まちの植物はともだち

涼しさを求めて ムラサキツユクサの細胞を探す

今日も「あついなぁ!」と思っている皆様に、今まちなかで見られる植物のなかで一番涼やかに感じられるだろう植物をご紹介します(※僕調べです)。

▲ほら!涼しい!!

いやぁ涼しいなこの見た目。

▲この何とも言えぬ作り。どうですか。涼しさが伝わってきませんか?

 

…はい、すみません分かります。全然涼しくないし、これが何なのか分からないですよね。ただでさえ暑いのにふざけたこと言ってすみません。どれもこれも暑さのせいです。

さて、気を取り直して、一体これが何の植物かと言うと

▲こんな立ち姿をしていて

▲こんな花を咲かせる

▲ムラサキツユクサでした!

ツユクサにも色々な種類があって、前に紹介したことがあるのは普通の青い「ツユクサ」

他にも白いトキワツユクサや、葉っぱが深い紫色をしたムラサキゴテンなど、まちなかでも様々なツユクサの仲間を見ることが出来ます。

ところで、普通の「ツユクサ」の花のおしべはこんな感じでした。

▲ね。おしべがスラっと伸びています。

それでは、今日見ているムラサキツユクサのおしべはどうなっているかというと

▲なんと、おしべに毛が生えているんです!

▲もう一回引きで見てみます。本当に花の中にこの凄い部分があることをお分かりいただけますでしょうか。

▲もう一回アップ。それで更に近付くと

▲こんな様子になっていると。

朝起きてすぐにムラサキツユクサを探してまちを歩きまわり「いやぁ涼しいねぇ。あんは涼しいよ」とブツブツ言いながら汗だくで写真を撮る男。それが最近の私です。

でもですね、じつはこの花は皆さんのなかでも見たことがある人が多いはずです。

なぜかというと、「原形質流動」の観察のために中学校の理科で顕微鏡を使ってこの花の細胞を見たことがある方がいるはずだからです。

ゲンケイシツリュウドウ・・・

ムラサキツユクサ・・・

ケンビキョウ・・・

アツイ・・・

この暑いのに、もう遥かかなたに忘れ去っていた中学校生物の話を持ち出してきてすみません。

原形質流動とは、一つの細胞の中でその中の物質が動く様子のことを言います。それを観察するには、ムラサキツユクサの雄しべの毛が適当だということで、よく理科の実験で使われています(なので結構学校の周辺とかで見ることが多いですね)。

▲ということで、この毛の中にひとつひとつに節みたいのが付いているのが分かるでしょうか。

▲この一つ一つが細胞だということです。

さぁここで、お決まりの「だからなに?」という声が聞こえてくる気がしますが、ルーペでも細胞が見えるっていうのちょっと面白くないですか。

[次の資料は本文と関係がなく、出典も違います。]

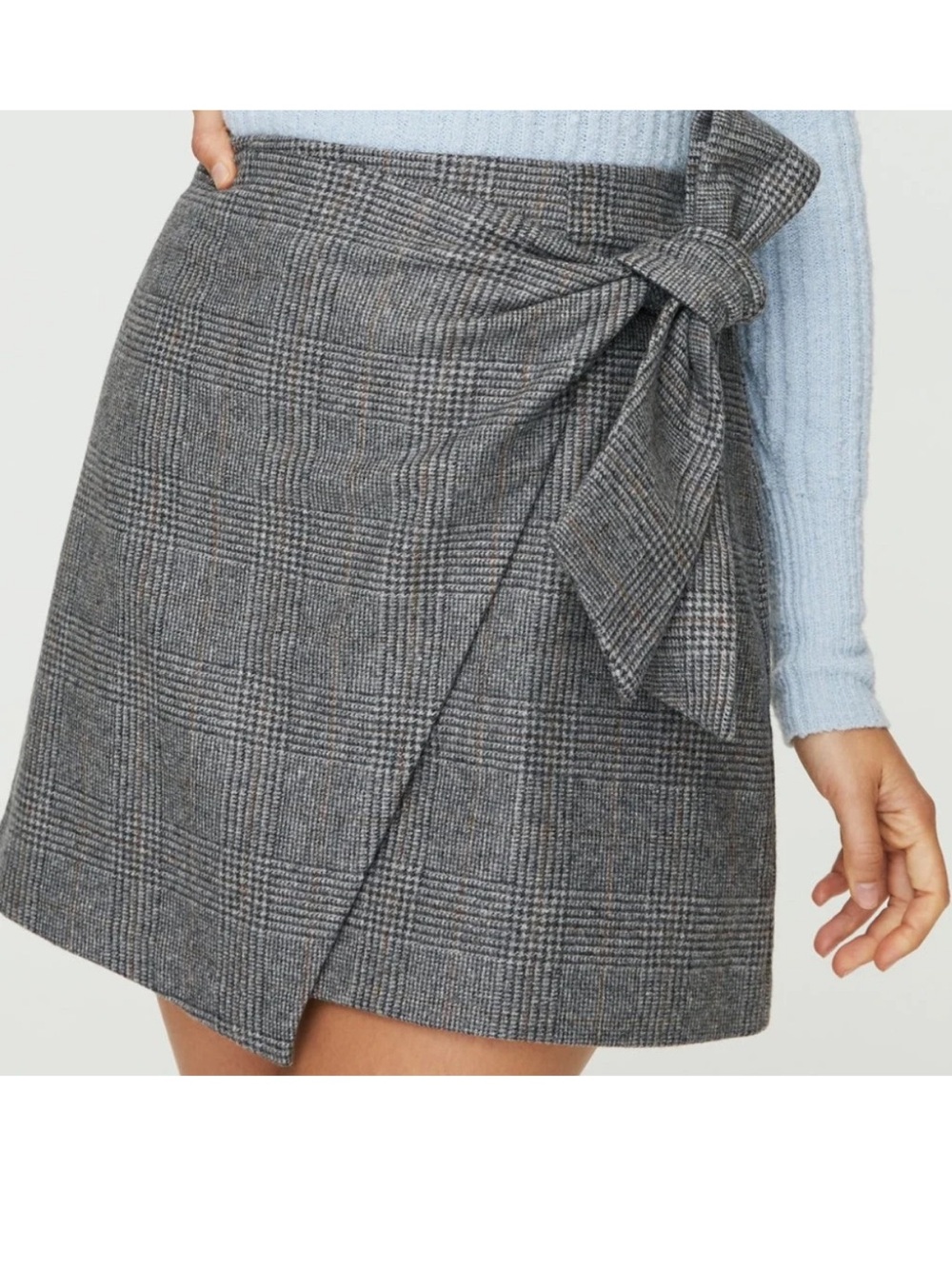 Aritzia Wilfred Wrap Front Tie Skirt in a gray plaid small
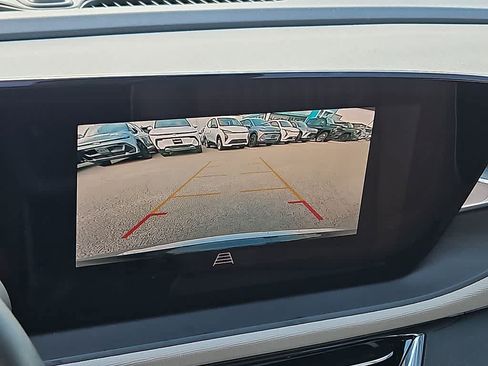 Used 2025 Buick Envista Avenir FWD image 16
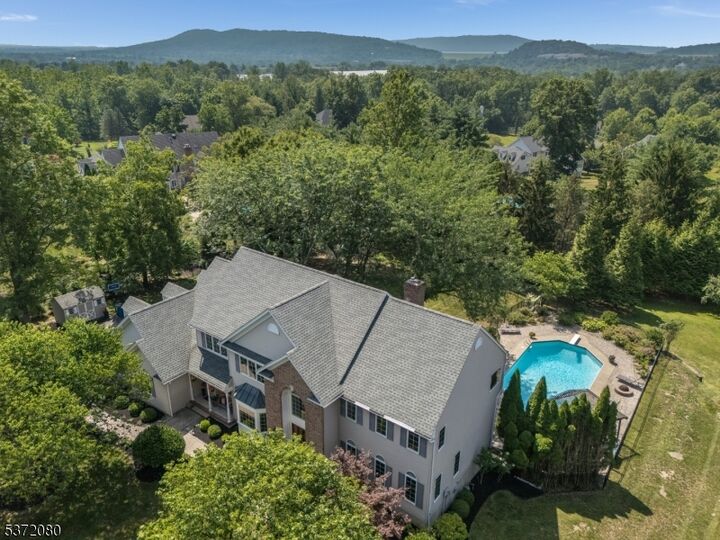 Property Photo: 3 Montaine Pl NJ 08833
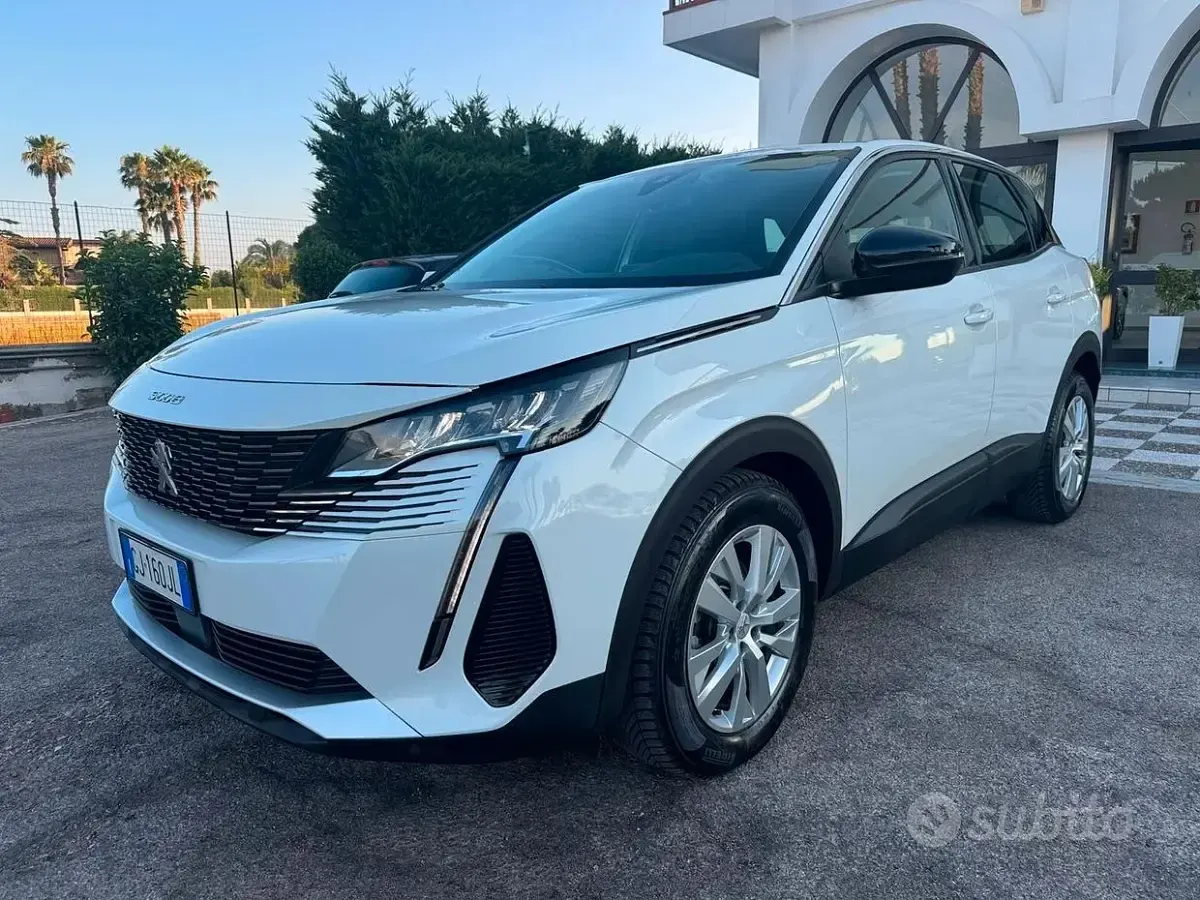 Usata Peugeot 3008 131 CV (96 kW) 2022 Bianco SUV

動物も植物も、近付ていてみれば一つ一つの細胞の組み合わせで出来ています。自分の体をバラバラにした時の最少の単位が細胞です。

要するに、この小さな小さな積み重ねによって大きな生命体と複雑な生き方が出来るようになっているということで、僕はこの小さな細胞を見ると何とも言えぬ生物の凄さみたいなものを感じるわけです。

▲でも今日はもしかしたら暑さのせいで、よりそう感じているだけかもしれません…。

さて、あついあついと連呼していますが、最後にそれではなぜこのムラサキツユクサはおしべに毛が生えているのでしょうか。

正解は・・・じつはまだ分かっていないそうです!

そういうことが植物の世界ではまだまだたくさんあるんですね。なのでそういう場合は自分で勝手に想像してみます。

簡単に考えつくところでいえば、毛が生えていることによってより目立つようになる(虫の目から見て)。あるいは毛をはやすことによって、おしべを強化している。というところでしょうか。

決して僕を喜ばすためにというわけではないということだけは、朦朧とした頭でもギリギリ分かった今日の朝活でした。

まだまだ暑い日が続くようです。皆様くれぐれも体調管理には気をつけておすごしください。やれやれ、こりゃ植物観察も大変だ。